Member of the Ghana Parliament for Amenfi Central Constituency
- In office 2012–2016

Personal details
- Born: 24 February 1969 (age 57)
- Party: National Democratic Congress
- Education: University of Education, Winneba, Ghana Institute of Management and Public Administration

= George Kofi Arthur =

Ghanaian politician

George Kofi Arthur (born 24 February 1969) is a Ghanaian politician. He was a member of the Sixth Parliament of the Fourth Republic representing the Amenfi Central Constituency in the Western region of Ghana.

== Personal life ==
Arthur is single. He identifies as a Christian.
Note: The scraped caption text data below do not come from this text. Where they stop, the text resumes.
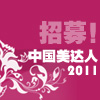 ��ӵ�и����ע��֧�֣�<em> 2011</em>�й�������ר������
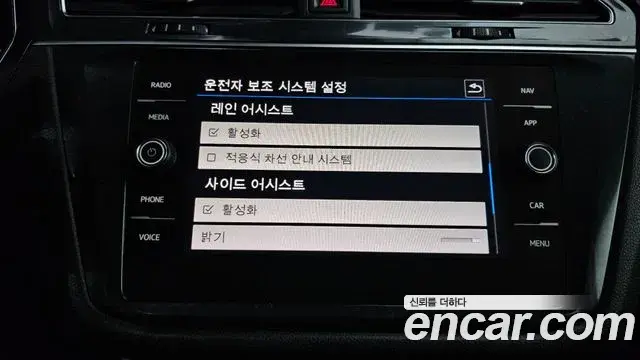 Volkswagen Tiguan Allspace 2020 — Şəkil 16/32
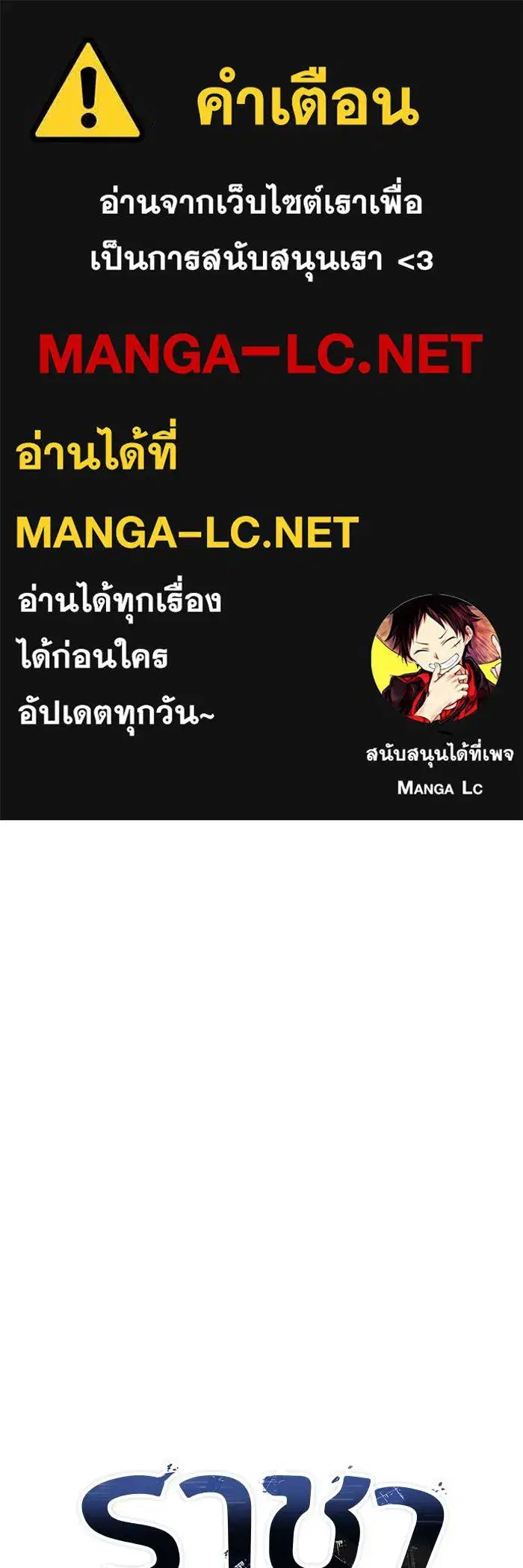 King of the Octagon ตอนที่ 92 หน้า 1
== Early life and education ==
Arthur was born on 24 February 1969 in Agona Amenfi in Western region. He attended University of Education, Winneba where he acquired a Bachelor of Education degree in technology. He also attended Ghana Institute of Management and Public Administration where he obtained an EMGL in 2008.

== Employment ==
Arthur is an educationist. He worked as the managing director for Mynd FM in Kumasi. In 2005, he became a member of the Parliament of Ghana.

== Politics ==
Arthur is a member of the National Democratic Congress. In 2004, he contested for the seat of the Amenfi Central Constituency in the 2004 Ghanaian general elections and won. He garnered 14,139 votes which represented 48.10% of the total votes cast and hence defeated the other contestants including Peter Yaw Kwakye-Ackah and James Boateng. He was reelected in the 2008 Ghanaian general elections and the 2012 Ghanaian general elections which gave him the chance to represent his constituency for the second and third term.

=== 2004 Elections ===
Arthur was elected in the 2004 Ghanaian general elections on the ticket of the National Democratic Congress. He thus represented the Amenfi Central Constituency in the 4th parliament of the 4th republic of Ghana from 7 January 2005 to 6 January 2009. He was elected over Pater Yaw Kwakye-Ackah of the New Patriotic Party and James Boateng of the Convention People's Party. These obtained 47.7% and 4.2% respectively of the total valid votes cast.

=== 2008 Elections ===
Arthur was re-elected in the 2008 Ghanaian general elections. He thus re-represented the Amenfi Central Constituency in the 5th parliament of the 4th republic of Ghana from 7 January 2009 to 6 January 2013. He was elected with 39.31% of the total valid votes cast. He was elected on the ticket of the National Democratic Congress. He was elected over Padmore Kofi Yonkopa Arthur of the New Patriotic Party, James Boateng of the Convention People's party and Peter Yaw Kwakye Ackah an independent candidate,. These obtained 33.2 5, 0.7% and 26.7% of the total valid votes cast.